While it is evident that an ample body of literature underlines the negative impacts of corruption on FDI, a substantial fraction argues otherwise. The counter-narrative that positions corruption as a facilitative element for foreign direct investment gains further traction when delving deeper into the complexities of global investment landscapes. Considering the ceaseless debate about whether corruption “greases” or “sands the wheels” of economic growth (
Bardhan, 1997), the “greasing the wheels” perspective argues that in environments where regulatory and procedural clarity is lacking, and where bureaucratic inefficiencies create significant barriers to market entry and operations, corruption can paradoxically become a tool for efficiency. Supporting the latter hypothesis, research by
Egger and Winner (
2005) and
Barassi and Zhou (
2012) confirmed earlier studies by
Leff (
1964) and
Huntington (
1968), concluding that in the presence of regulations and other administrative controls, corruption can act as a “helping hand” to foster FDI.
Leff (
1964) argued that “corruption may introduce an element of competition into what is otherwise a comfortably monopolistic industry, and payment of the highest bribes becomes one of the principal criteria for allocation” (see
Kaufmann, 1997, pp. 114–115). Adding to this notion,
Bardhan (
1997) further indicates that even though corruption can increase uncertainty amongst investors, “in the presence of rigid and inefficient bureaucracies, the informal payments to bypass red tape can improve overall efficiency”.

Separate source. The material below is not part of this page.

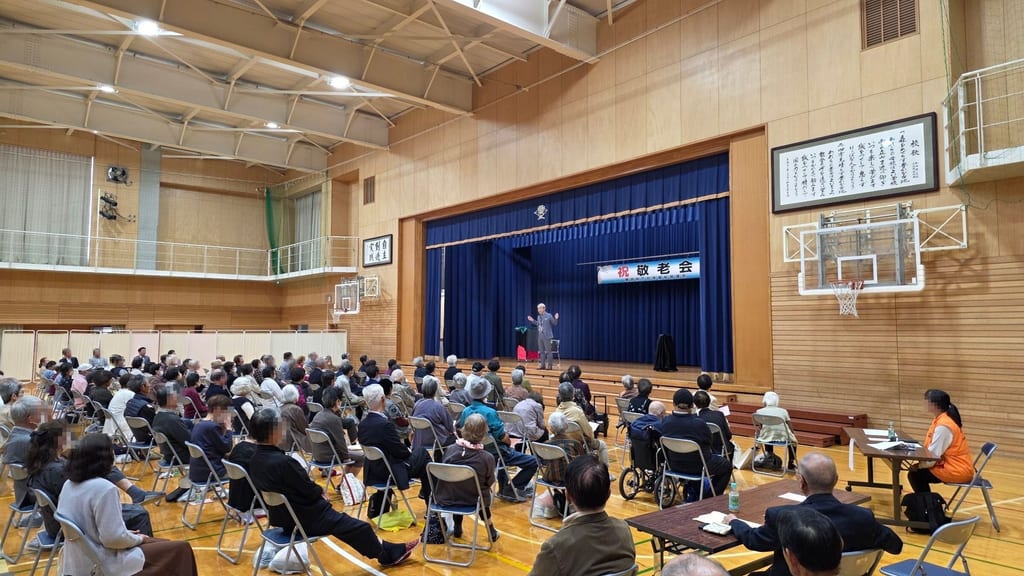 豊田小学校の体育館のステージに「祝 敬老会」の横断幕がかかり、手前に並べたパイプ椅子の客席からステージのコンプレッサーを見ている様子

All things considered, Africa’s heterogeneous economic landscapes offer a perspective from which to examine how corruption impacts FDI, with the results undoubtedly varying among different sets of countries (
Jalil et al., 2016).
Through Westerlund (
2007) and ARDL panel cointegration tests,
Jalil et al. (
2016) determined that corruption seems to have a positive long-run effect on FDI in Africa, because bribes alleviate the impact of institutional inefficiency, supporting previous research conducted by
Barassi and Zhou (
2012). Conversely, studies also show that corruption negative effects on FDI can pose a serious impediment to economic growth in the African economies, acting as the “grabbing hand”, since investors are unwilling to invest in countries where corruption levels are high (
Yahyaoui, 2023), and where corruption is perceived as a tax on investors’ income, deterring them from investing in that territory (
Zallé & Ouédraogo, 2021). However, as shown by
Bouchoucha and Benammou (
2018), with results supporting the work of
Egger and Winner (
2005), the control of corruption positively affects FDI inflows in Africa.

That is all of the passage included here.